Di por hecho que me encontraba ante una de las partes de un trágico truene amoroso.

–Pues no suena a ardida –le dije–. Más bien casi suena a ruego. Si fuera ardida dirías que por haber pasado X ó Y situación –de nuevo el álgebra del lenguaje– le deseas a esta persona algo negativo.

Miré por la ventana para saber en qué estación íbamos.

–¿Aquí bajas?– preguntó.

Era Chapultepec. Negué con la cabeza.

–A ver, dime, perdón que insista –trastabillaba en sus palabras– si esto fuera para ti, ¿qué pensarías?

Me quedé callado un rato. Los ejercicios de empatía nunca han sido mi fuerte.

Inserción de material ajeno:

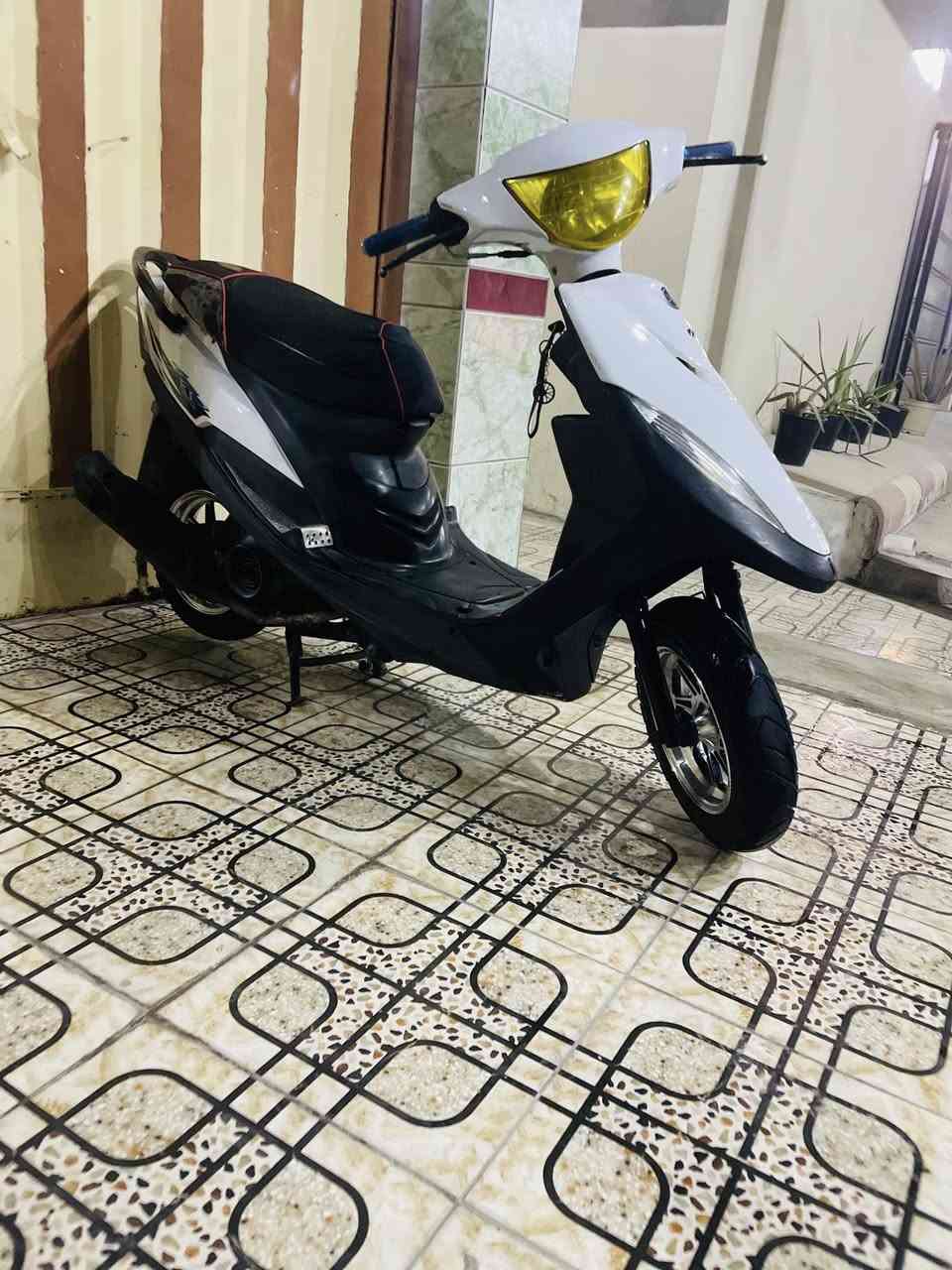 السلام عليكم دراجه ماكس عدله للبيع كفاله عامه السعر ٥٥٠قفل مابيها مجال مكاني حله بكرلي متواجد ع فيس رقمي ***********
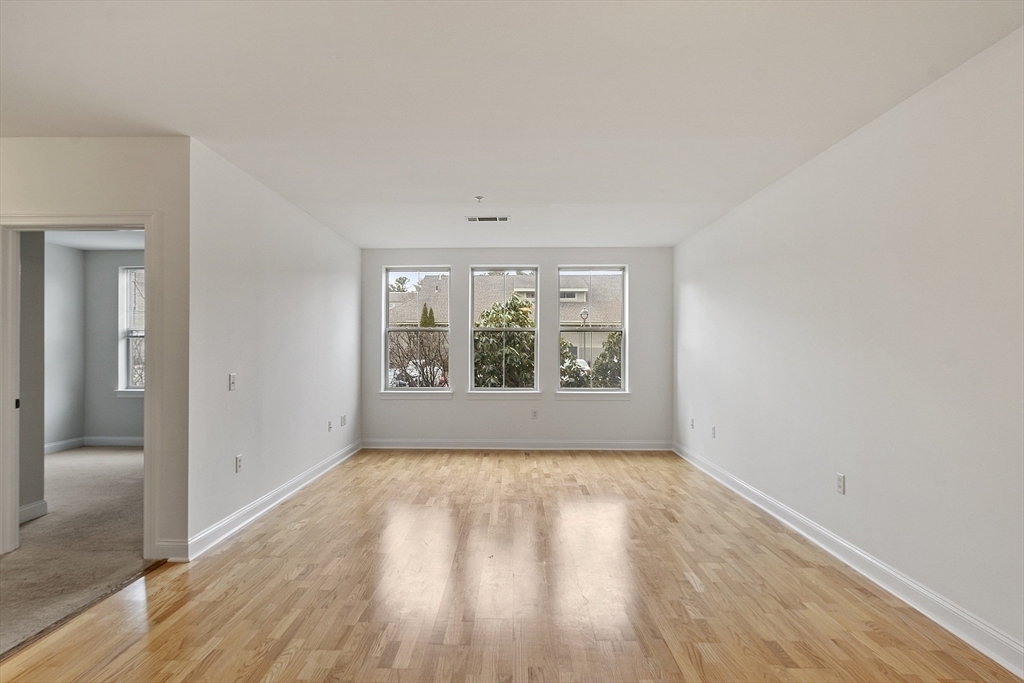 Property Photo: 3 Harvest Drive 106 MA 01845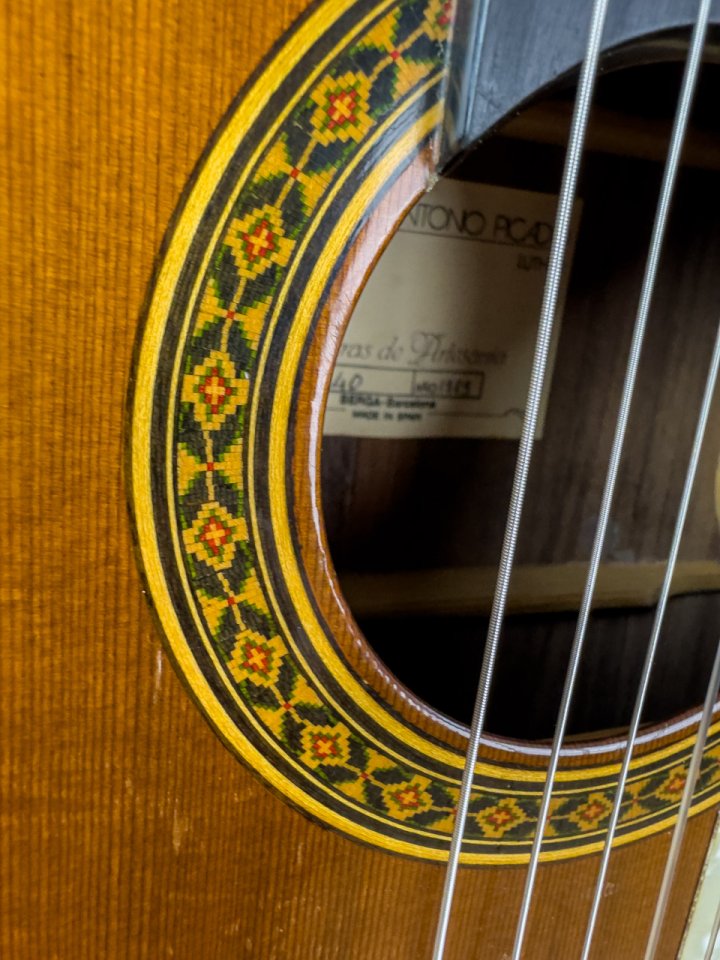 Guitarra clasica-flamenca Antonio Picado 40 solida de segunda mano · Foto 9 de 10 · Tarragona · 450 €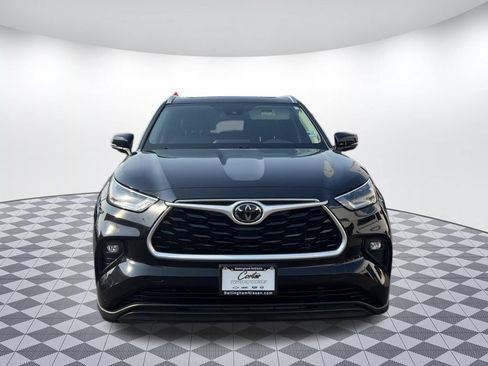 Used 2021 Toyota Highlander XLE AWD/4WD image 2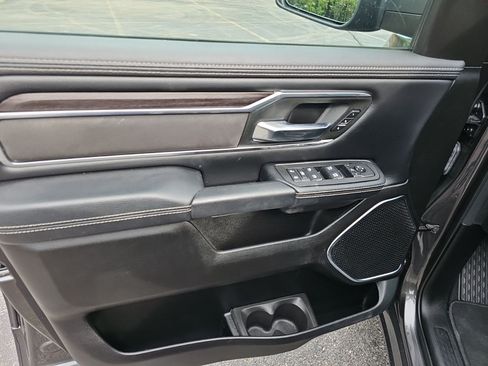 Used 2025 RAM 1500 Laramie w/ Sport Appearance Package AWD/4WD image 19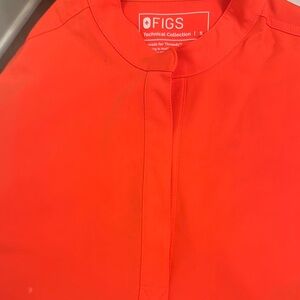 Figs, fiery, coral size small Rafaela top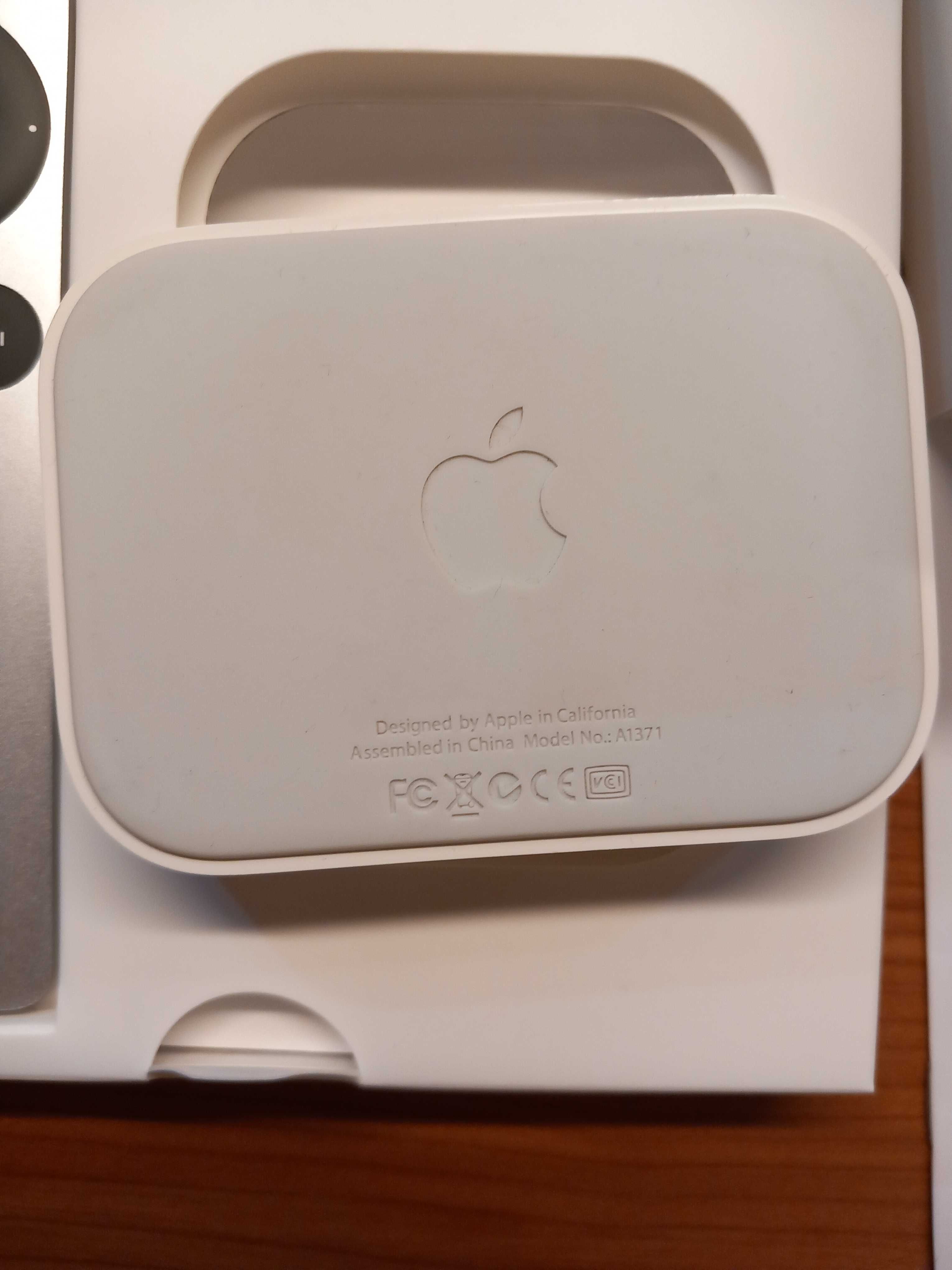 Apple Universal Dock MC746ZA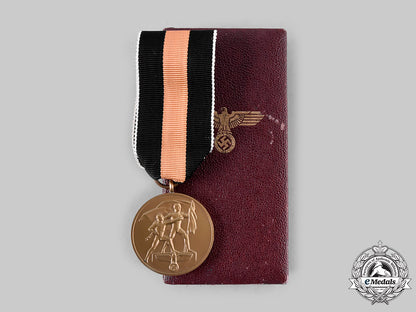 germany,_third_reich.1_october1938_medal(_sudetenland_medal),_with_case_ci19_2120_1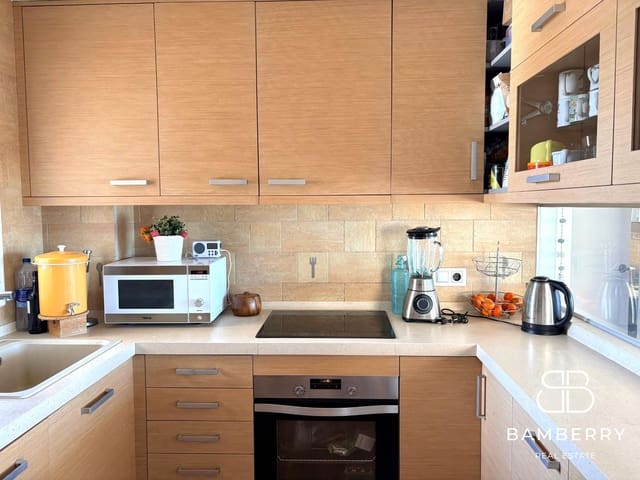 2 Zimmer Penthouse zu verkaufen in Castelldefels mit Pool - 695.000 € (Ref: 9645057)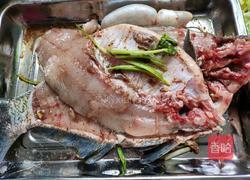 香辣烤鱼的做法图解1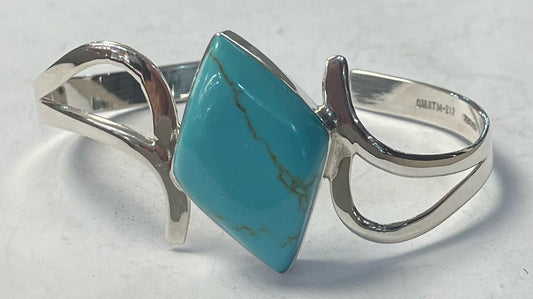 BRAZALETE CON TURQUESA EN PLATA LEY 925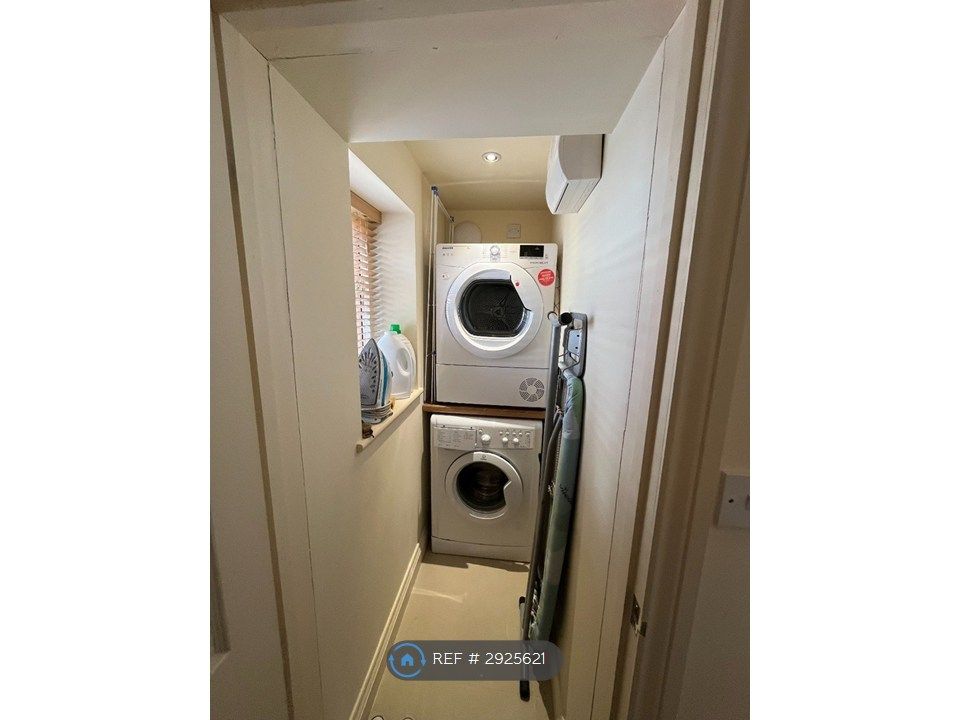Property photo 2 of 10 Laundry And Store Cupboatd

–Yo creo que me crecería. Alimentaría mi ego –intenté–. En el mejor de los casos interpretaría que quieres volver.

–Y eso es justo lo que no quiero.

Ella exhaló, en un gesto de ver fracasar lo que parecía una buena idea.

Llegamos a Juanacatlán.

–Aquí bajo –le dije–, pero si quieres seguimos platicándolo.

Fue conmigo al andén. Me sorprendió que mi improvisada labor de confidente diera resultados tan buenos como para lograr que una extraña me siguiera. Luego noté que aún traía la tarjeta conmigo. Noté también que ella era delgada, que tenía ojos grandes y claros, usaba unos jeans y una blusa de tirantes que dejaba ver las pecas de sus hombros.

–Aún no hemos tronado –confesó–. De hecho, en un rato voy a verlo y le daré la noticia. Quería entregarle esto como un último regalo. Lo quiero mucho, pero me quiero más a mi. Hay muchas cosas que no me gustan de él y sé que no las cambiará. Me falta un largo trayecto todavía, se me ocurrirá algo mejor en el camino.

Me explicó durante casi quince minutos que llevaba tomando la decisión desde hace largo tiempo y que ahora era definitiva, sin posibilidades de dar marcha atrás, a pesar de las virtudes del otro. Yo releía la tarjeta. Me había equivocado: todo lo que me decía estaba sintetizado en los 17 renglones que acaba de escribir. Bajo la connotación real el texto, aunque igual de cursi, cambiaba de significado y sí parecía una despedida. Quise enmendar mi error:

–¿Por qué no se la entregas?, a lo mejor y obtienes el resultado que quieres.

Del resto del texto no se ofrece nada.